These deaths used to be relatively rare, but, as the Post explained a decade ago, “in the early 1990s, car-safety experts declared that passenger-side front airbags could kill children, and they recommended that child seats be moved to the back of the car; then, for even more safety for the very young, that the baby seats be pivoted to face the rear.” Now, it is that much easier to not notice a child in the backseat when exiting a car.
We know a simple, practical ways to prevent these cases: manufacturing cars with backseat sensors. But efforts to pass bills requiring such sensors have failed, in part because of auto lobby resistance.
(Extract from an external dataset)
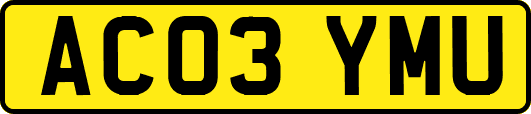 AC03YMU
As the Times reported last month, groups opposing such legislation, including the Alliance of Automobile Manufacturers, which lobbies on behalf of a dozen major car companies, “have long said that education is enough.” The Hot Cars Act of 2019, which would require that cars remind drivers to check the back seat after the engine has been turned off, has made it to Congress—but no such bill has passed, despite two decades of efforts. A scattering of products—from reminder apps to weight sensors attached to alarm systems—have popped up as potential solutions, but people have to first believe that they could commit such a horrific mistake in order for them to buy one of these products.
There is a failure to empathize, to admit vulnerability, in so much of the reactions to these cases. That isn’t just when it comes to public judgment—in the form of punishing article comments and tweets—of which there is plenty. In fact, the Post highlighted the case of a prosecutor who pursued a charge of involuntary manslaughter against a father who forgot his toddler son in the car. When asked whether he could have imagined doing the same, given that he was a father himself, the attorney said, “I have to say no, it couldn’t have happened to me. I am a watchful father.”
“I have to say no, it couldn’t have happened to me. I am a watchful father.”
Of course, we all want to believe a variation on that. Plenty in our culture suggests that good parenting provides immunity against such horrors. As with so much judgment around parenting, the blame in these cases is individualized and singularized, despite the highly relatable themes of work stress, multitasking, and sleep deprivation that often accompany hot car deaths. The implied solution—via tabloids, via courts, via online commentary—is personal rather than collective: being an infallible parent. The kind who always perfectly manages the stresses and distractions of modern parenthood. It’s a comforting, if constricting, fantasy—but one that, ironically, drives us further from the empathy that might prompt solutions that help prevent these accidents of chance and circumstance.